Why Duffey Didn’t Save the Case
Qatalyst argued that, as in Duffey, the company could not act due to a 50/50 deadlock and therefore was not antagonistic. The Eleventh Circuit rejected this framing as an overreading of Duffey. Duffey merely holds that deadlock and inaction alone do not equal antagonism; it does not transform deadlock into a safe harbor whenever evidence shows something more. Here, Qatalyst’s own sworn statements and litigation posture in state court evidenced exclusion, operational control by the opposing co-manager, and practical hostility—i.e., refusal, not mere inability, to act—triggering the exception and compelling realignment.
Impact and Implications
- Derivative litigation strategy: Plaintiffs cannot preserve a federal forum simply by styling the company as a nominal co-plaintiff when the record shows managerial hostility.
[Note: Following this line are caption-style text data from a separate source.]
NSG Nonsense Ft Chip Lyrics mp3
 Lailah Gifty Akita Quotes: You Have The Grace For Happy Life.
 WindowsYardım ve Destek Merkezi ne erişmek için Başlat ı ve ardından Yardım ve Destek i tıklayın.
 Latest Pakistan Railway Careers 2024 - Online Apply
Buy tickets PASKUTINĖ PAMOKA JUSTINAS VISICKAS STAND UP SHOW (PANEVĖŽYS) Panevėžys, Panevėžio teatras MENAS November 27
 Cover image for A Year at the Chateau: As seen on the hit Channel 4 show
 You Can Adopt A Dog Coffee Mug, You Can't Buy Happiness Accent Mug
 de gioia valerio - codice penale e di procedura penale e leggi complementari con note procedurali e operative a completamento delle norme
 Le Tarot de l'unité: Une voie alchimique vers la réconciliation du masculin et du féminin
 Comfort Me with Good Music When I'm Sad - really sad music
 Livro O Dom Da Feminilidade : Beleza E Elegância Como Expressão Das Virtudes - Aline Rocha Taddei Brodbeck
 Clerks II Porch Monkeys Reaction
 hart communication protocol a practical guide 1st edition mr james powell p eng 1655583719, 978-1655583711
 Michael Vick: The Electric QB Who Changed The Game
Courts will realign based on practical antagonism, including extrinsic materials from parallel state litigation.
- Deadlock is not a jurisdictional shield: A 50/50 deadlock provision will not, by itself, forestall realignment. If one faction exercises de facto control and excludes the other, expect a finding of antagonism and realignment of the company as a defendant.
- Early factual attacks on jurisdiction: McElmurray’s framework encourages defendants to mount factual challenges to diversity and submit evidence beyond the complaint. Parties should anticipate targeted jurisdictional discovery and the use of their own prior statements against them.
- Forum selection and parallel actions: Plaintiffs pursuing derivative claims involving closely held LLCs with overlapping citizenship should carefully evaluate whether diversity is realistically sustainable. Where realignment is likely, state court may be the only viable forum.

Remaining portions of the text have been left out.